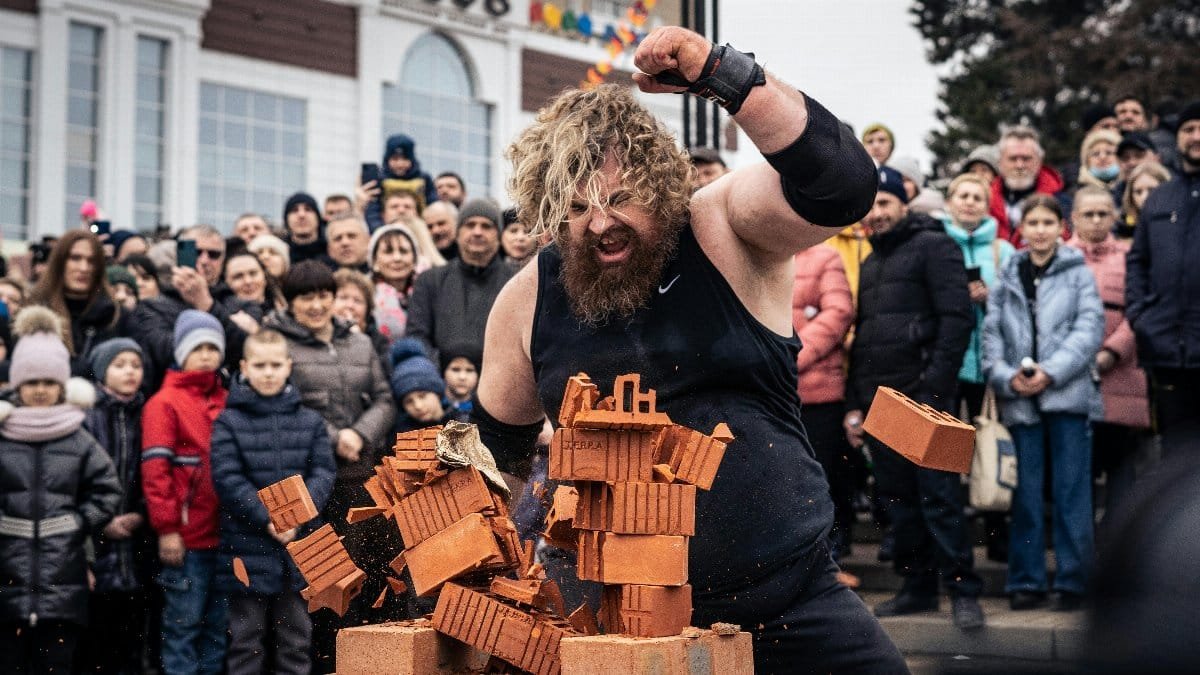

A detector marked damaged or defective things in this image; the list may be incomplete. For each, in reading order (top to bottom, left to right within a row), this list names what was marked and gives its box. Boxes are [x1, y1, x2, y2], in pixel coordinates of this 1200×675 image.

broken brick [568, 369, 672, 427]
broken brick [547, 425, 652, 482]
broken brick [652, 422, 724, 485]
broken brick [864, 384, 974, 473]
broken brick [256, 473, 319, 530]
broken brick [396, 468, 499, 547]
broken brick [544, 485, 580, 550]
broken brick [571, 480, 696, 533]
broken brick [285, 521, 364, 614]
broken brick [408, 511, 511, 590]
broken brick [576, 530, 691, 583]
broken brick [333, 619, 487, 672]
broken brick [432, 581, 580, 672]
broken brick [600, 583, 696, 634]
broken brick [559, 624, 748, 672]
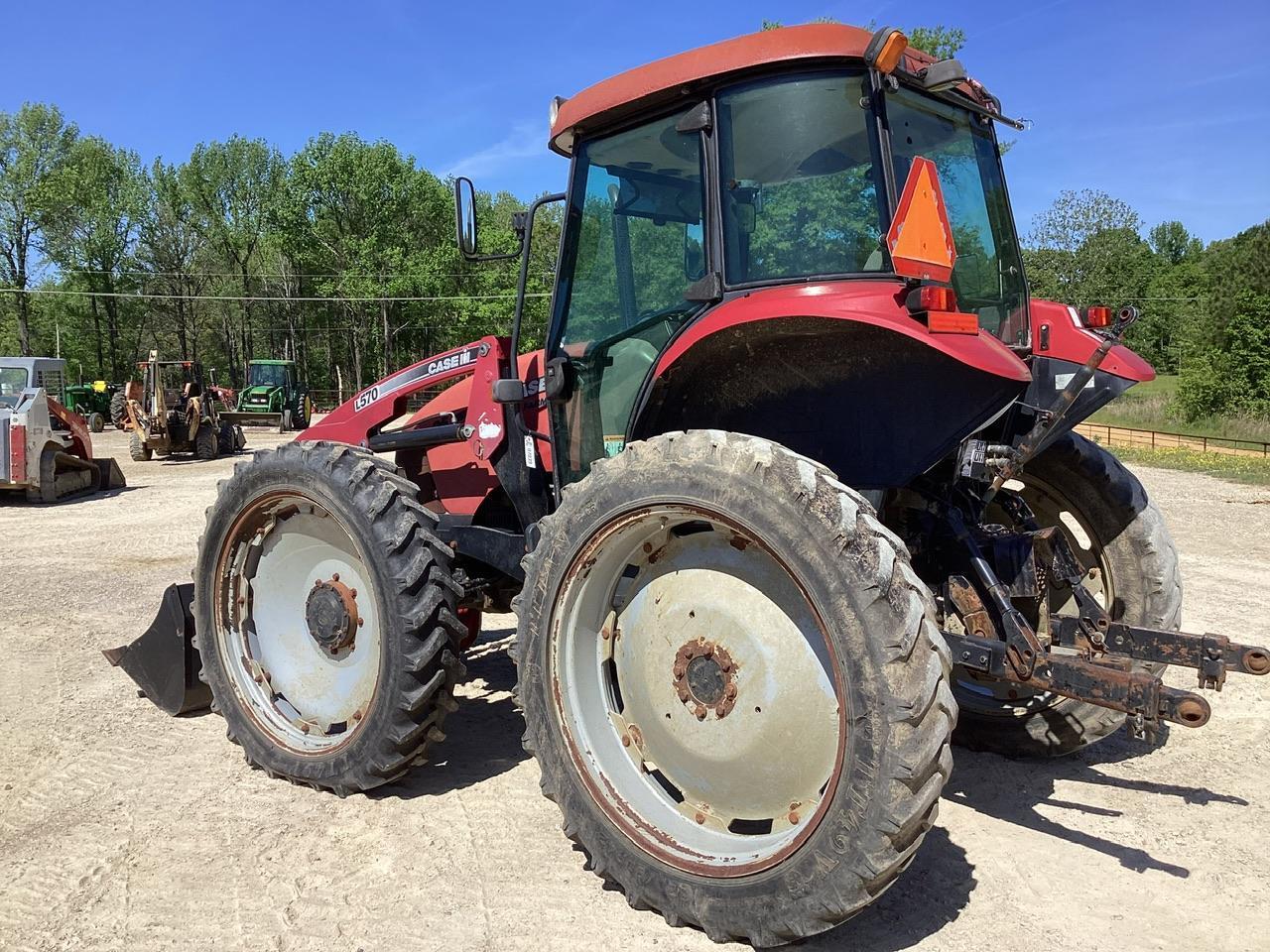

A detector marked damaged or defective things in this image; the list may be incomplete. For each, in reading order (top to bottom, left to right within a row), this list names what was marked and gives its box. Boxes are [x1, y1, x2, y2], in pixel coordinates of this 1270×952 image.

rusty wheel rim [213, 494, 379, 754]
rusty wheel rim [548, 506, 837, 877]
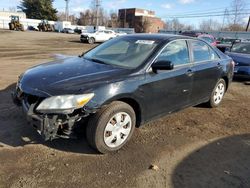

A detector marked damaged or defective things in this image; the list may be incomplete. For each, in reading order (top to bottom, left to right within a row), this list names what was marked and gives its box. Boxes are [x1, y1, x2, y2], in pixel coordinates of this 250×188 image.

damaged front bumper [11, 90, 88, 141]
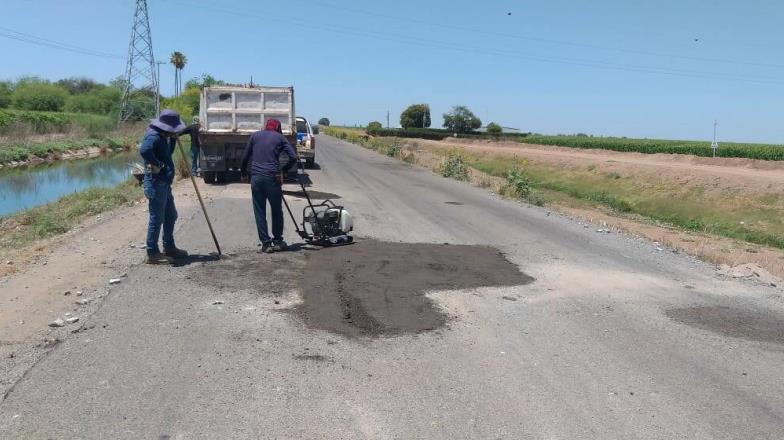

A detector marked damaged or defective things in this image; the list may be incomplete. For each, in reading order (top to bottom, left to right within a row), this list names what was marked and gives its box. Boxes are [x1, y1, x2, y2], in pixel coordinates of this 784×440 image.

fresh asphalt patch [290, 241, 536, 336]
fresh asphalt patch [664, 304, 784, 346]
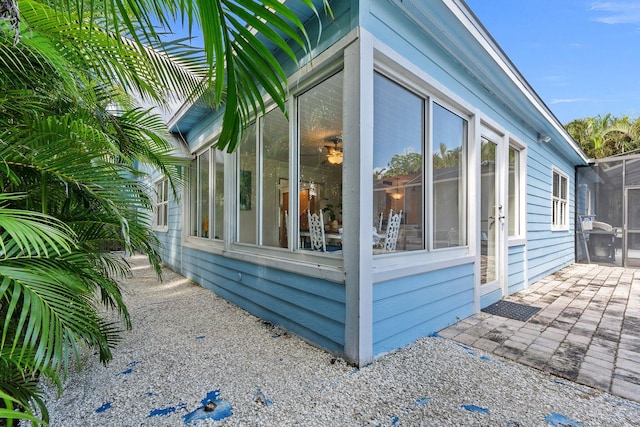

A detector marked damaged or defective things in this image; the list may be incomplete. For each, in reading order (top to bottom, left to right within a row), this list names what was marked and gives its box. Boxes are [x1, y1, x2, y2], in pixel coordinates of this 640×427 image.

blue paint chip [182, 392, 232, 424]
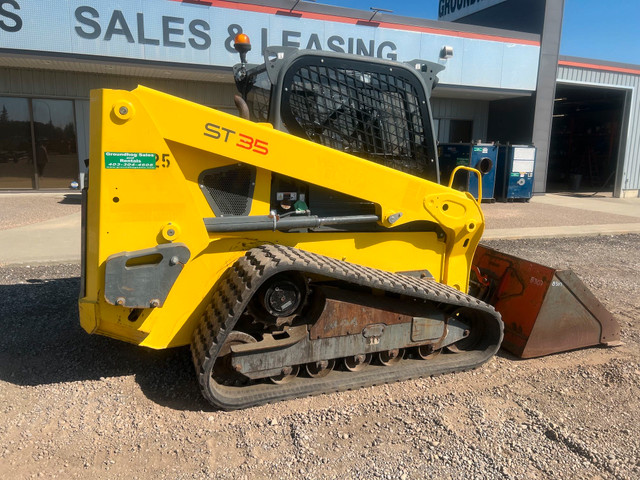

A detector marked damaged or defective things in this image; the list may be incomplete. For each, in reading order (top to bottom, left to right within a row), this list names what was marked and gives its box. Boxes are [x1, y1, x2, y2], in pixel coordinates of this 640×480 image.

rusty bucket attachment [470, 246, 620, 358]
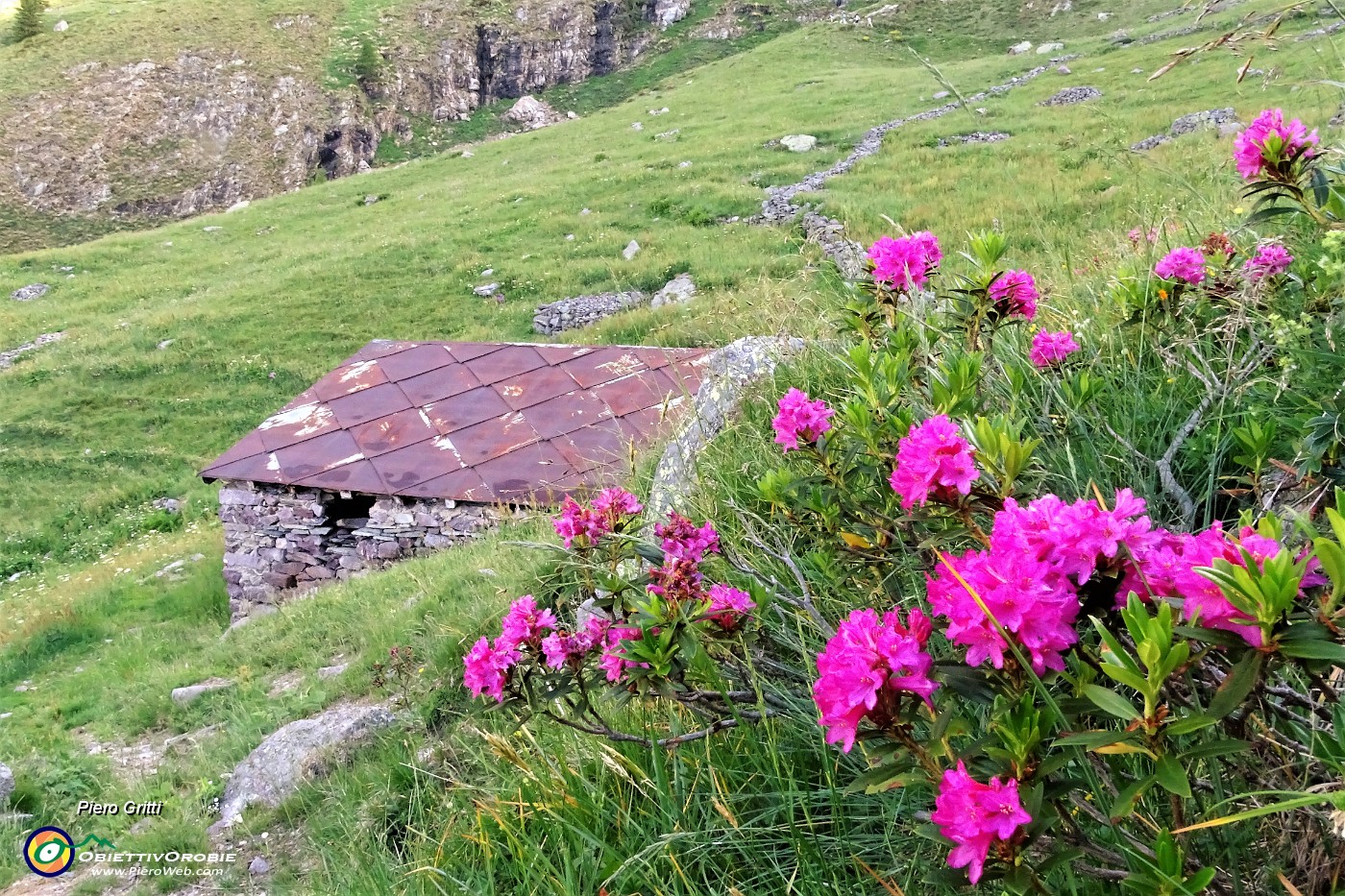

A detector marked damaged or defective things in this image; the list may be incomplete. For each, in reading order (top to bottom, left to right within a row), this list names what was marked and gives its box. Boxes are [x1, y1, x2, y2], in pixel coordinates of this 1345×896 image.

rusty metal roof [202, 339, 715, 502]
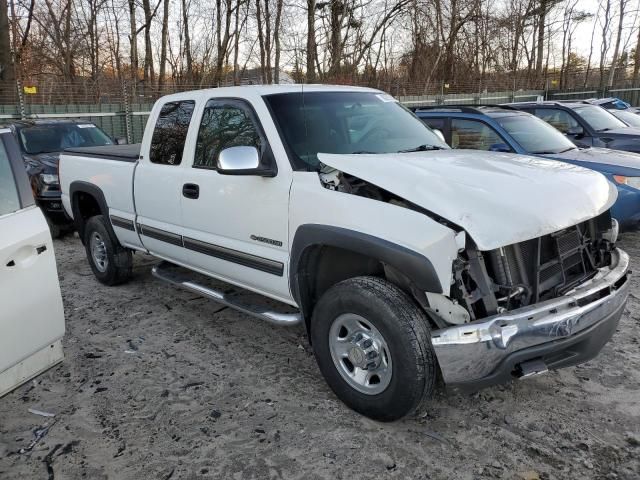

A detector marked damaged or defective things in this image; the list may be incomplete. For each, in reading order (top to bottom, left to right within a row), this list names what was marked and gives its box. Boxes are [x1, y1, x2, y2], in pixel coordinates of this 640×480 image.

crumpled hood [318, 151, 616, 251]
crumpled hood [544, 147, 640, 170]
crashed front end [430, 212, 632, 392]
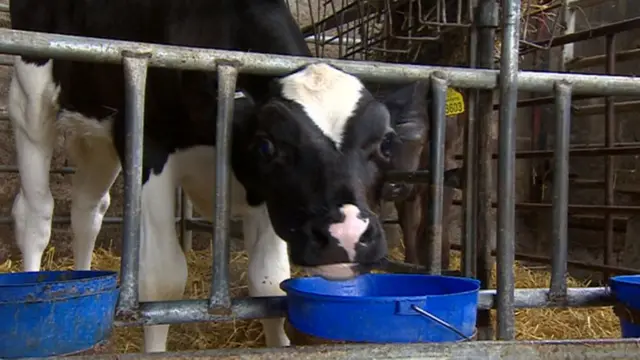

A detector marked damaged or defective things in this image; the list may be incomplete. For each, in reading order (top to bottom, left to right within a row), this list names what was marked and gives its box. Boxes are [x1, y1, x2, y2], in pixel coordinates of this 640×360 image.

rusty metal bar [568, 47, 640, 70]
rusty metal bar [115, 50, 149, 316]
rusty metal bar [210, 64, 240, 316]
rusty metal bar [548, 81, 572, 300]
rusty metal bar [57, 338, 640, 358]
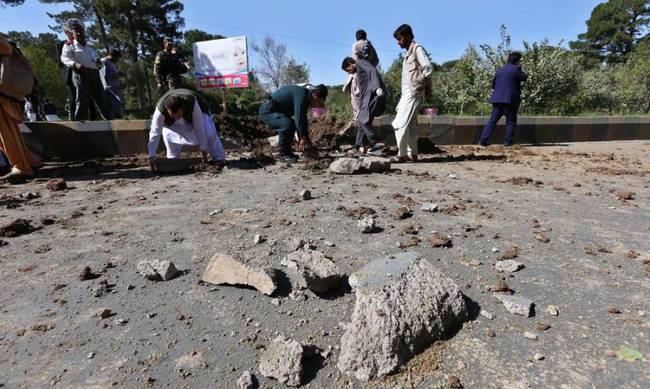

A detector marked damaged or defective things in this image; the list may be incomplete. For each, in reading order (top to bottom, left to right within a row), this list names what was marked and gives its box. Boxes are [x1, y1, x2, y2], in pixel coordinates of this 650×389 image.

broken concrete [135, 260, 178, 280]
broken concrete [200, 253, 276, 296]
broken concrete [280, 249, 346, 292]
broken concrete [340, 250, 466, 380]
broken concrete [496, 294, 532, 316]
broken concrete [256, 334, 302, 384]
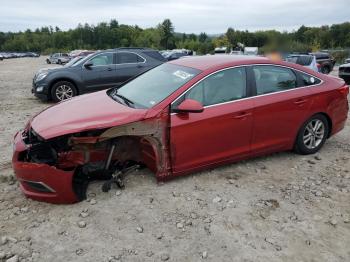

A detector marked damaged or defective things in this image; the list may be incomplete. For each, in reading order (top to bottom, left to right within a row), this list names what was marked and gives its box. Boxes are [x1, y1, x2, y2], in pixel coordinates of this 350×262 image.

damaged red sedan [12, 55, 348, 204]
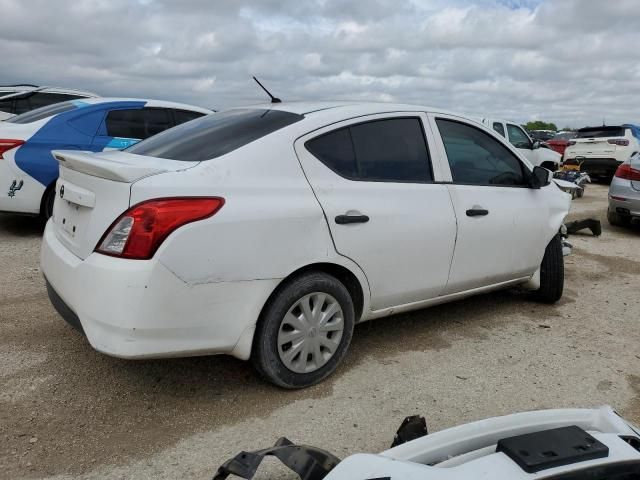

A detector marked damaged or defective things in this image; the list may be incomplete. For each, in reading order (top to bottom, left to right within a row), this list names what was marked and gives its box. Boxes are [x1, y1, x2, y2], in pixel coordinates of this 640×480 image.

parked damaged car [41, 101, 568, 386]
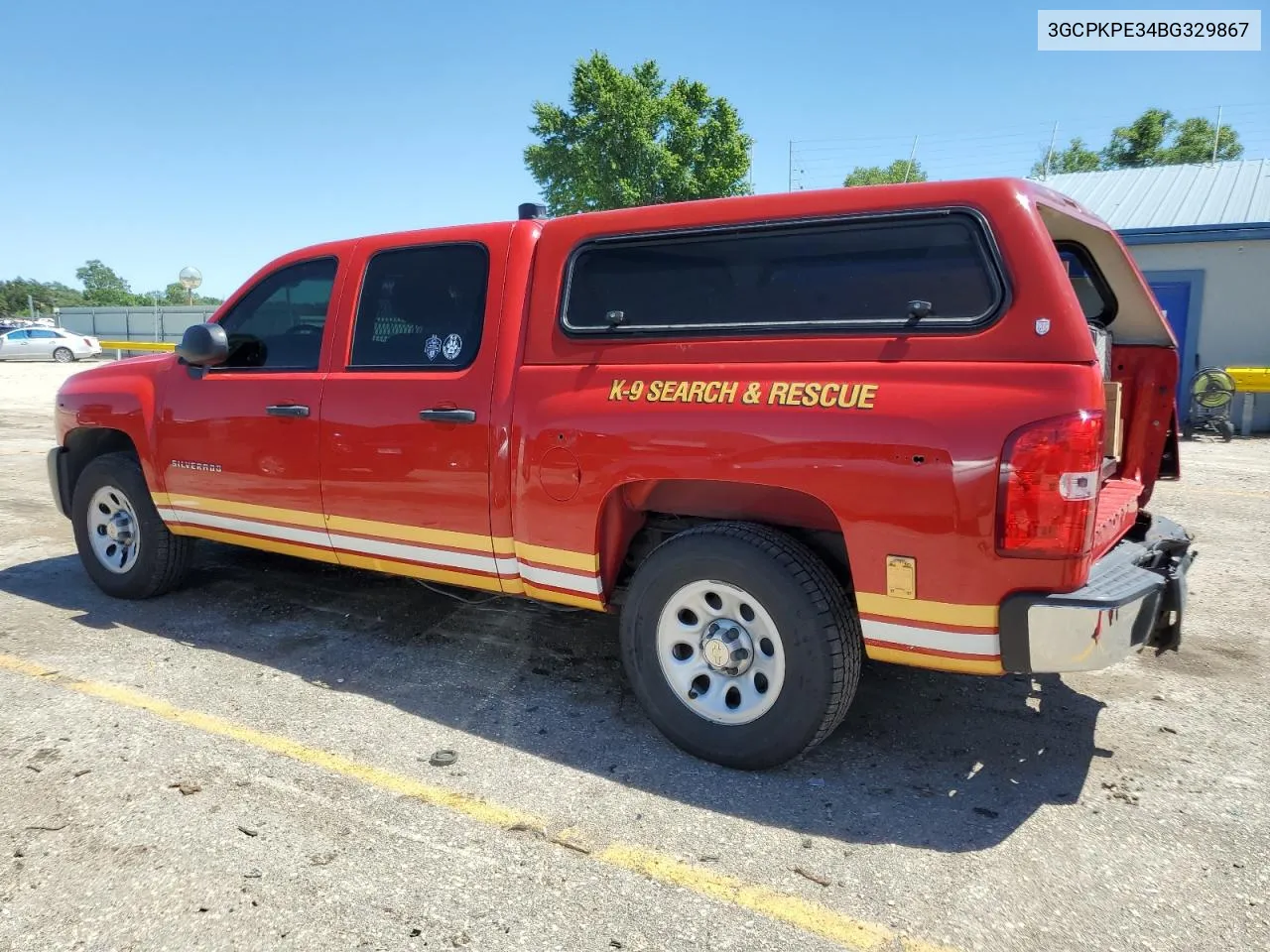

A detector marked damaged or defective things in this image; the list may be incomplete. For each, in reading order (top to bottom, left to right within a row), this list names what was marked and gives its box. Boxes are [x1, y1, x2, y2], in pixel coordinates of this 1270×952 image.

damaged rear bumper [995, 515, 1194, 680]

☆ ☆ ☆ ☆ ☆ ☆ ☆

→ YOUR TASK: Please set down each entry word for word, without its images.

→ RESULT OF THE TASK:
A detector marked damaged or defective things in this image; the list may be incomplete. For each, in reading order (top to bottom, left to right within a row), this list names what was marked and gives its box. Boxes are [x1, y1, x2, y2], in pixel coordinates of this 1200×675 image.

broken brick [568, 369, 672, 427]
broken brick [547, 425, 652, 482]
broken brick [652, 422, 724, 485]
broken brick [864, 384, 974, 473]
broken brick [256, 473, 319, 530]
broken brick [396, 468, 499, 547]
broken brick [544, 485, 580, 550]
broken brick [571, 480, 696, 533]
broken brick [285, 521, 364, 614]
broken brick [408, 511, 511, 590]
broken brick [576, 530, 691, 583]
broken brick [333, 619, 487, 672]
broken brick [432, 581, 580, 672]
broken brick [600, 583, 696, 634]
broken brick [559, 624, 748, 672]

A detector marked damaged or defective things in this image; the list may be incomplete. For each, in reading order (top to bottom, left to right within a row), this list names what was marked and gives its box. Boxes are [x1, y1, x2, y2], in pixel coordinates of this 1270×952 image.

rusty wheel rim [213, 494, 379, 754]
rusty wheel rim [548, 506, 837, 877]

A detector marked damaged or defective things in this image; the list may be incomplete. For each, in reading order (top to bottom, left to right within a row), this list names what was marked and gives its box. Boxes are [x1, y1, x2, y2], in pixel coordinates of this 250×188 image.

damaged front bumper [11, 90, 88, 141]

A detector marked damaged or defective things in this image; the list may be incomplete. For each, in reading order (top to bottom, left to right within a row), this list names what was marked and gives its box. Boxes are [x1, y1, x2, y2], in pixel coordinates of this 784×440 image.

fresh asphalt patch [290, 241, 536, 336]
fresh asphalt patch [664, 304, 784, 346]

A detector marked damaged or defective things in this image; the list may be incomplete. For each, in reading order (top to bottom, left to right within a row), this list names what was marked and gives its box. Boxes are [x1, y1, x2, y2], in pixel coordinates of this 640×427 image.

blue paint chip [182, 392, 232, 424]

A detector marked damaged or defective things in this image; the list may be incomplete. For each, in reading order (top to bottom, left to right within a row), this list names what was marked and gives its box. Boxes are [x1, y1, x2, y2], in pixel coordinates of this 640×480 image.

rusty bucket attachment [470, 246, 620, 358]

A detector marked damaged or defective things in this image; the list may be incomplete. For each, in reading order (top to bottom, left to right within a row), this list names what was marked and gives its box. Boxes are [x1, y1, x2, y2], in pixel coordinates of this 1345×896 image.

rusty metal roof [202, 339, 715, 502]

A detector marked damaged or defective things in this image; the list may be incomplete. For each, in reading order (top to bottom, left to right within a row), this list names what was marked and gives its box. Boxes are [x1, y1, x2, y2], in pixel coordinates of this 640×480 image.

crumpled hood [318, 151, 616, 251]
crumpled hood [544, 147, 640, 170]
crashed front end [430, 212, 632, 392]

A detector marked damaged or defective things in this image; the list may be incomplete. For each, in reading order (top to bottom, left to right within a row), this list names what was marked and gives its box. Boxes are [x1, y1, x2, y2], in pixel coordinates of this 640×360 image.

rusty metal bar [568, 47, 640, 70]
rusty metal bar [115, 50, 149, 316]
rusty metal bar [210, 64, 240, 316]
rusty metal bar [548, 81, 572, 300]
rusty metal bar [57, 338, 640, 358]

A detector marked damaged or defective things in this image; the list may be incomplete. For each, in reading order (top to bottom, left to right within a row), this list names what was marked and gives its box. Boxes are [x1, y1, x2, y2], in pixel coordinates of this 650×389 image.

broken concrete [135, 260, 178, 280]
broken concrete [200, 253, 276, 296]
broken concrete [280, 249, 346, 292]
broken concrete [340, 250, 466, 380]
broken concrete [496, 294, 532, 316]
broken concrete [256, 334, 302, 384]

A detector marked damaged or defective things in this image; the list may be incomplete. For each, in reading order (top to bottom, left to right within a row), this list names what was marked and gives its box. Boxes are [x1, y1, x2, y2], in pixel coordinates of this 350×262 image.

damaged red sedan [12, 55, 348, 204]

A detector marked damaged or defective things in this image; the list may be incomplete. For each, in reading order (top to bottom, left to right within a row), this list names what was marked and gives its box. Boxes are [x1, y1, x2, y2], in pixel coordinates of this 640×480 image.

parked damaged car [41, 101, 568, 386]

A detector marked damaged or defective things in this image; the list may be incomplete. For each, in reading order (top to bottom, left to right within a row), this list names what was marked and gives its box. Boxes are [x1, y1, x2, y2], in pixel coordinates of this 1270×952 image.

damaged rear bumper [995, 515, 1194, 680]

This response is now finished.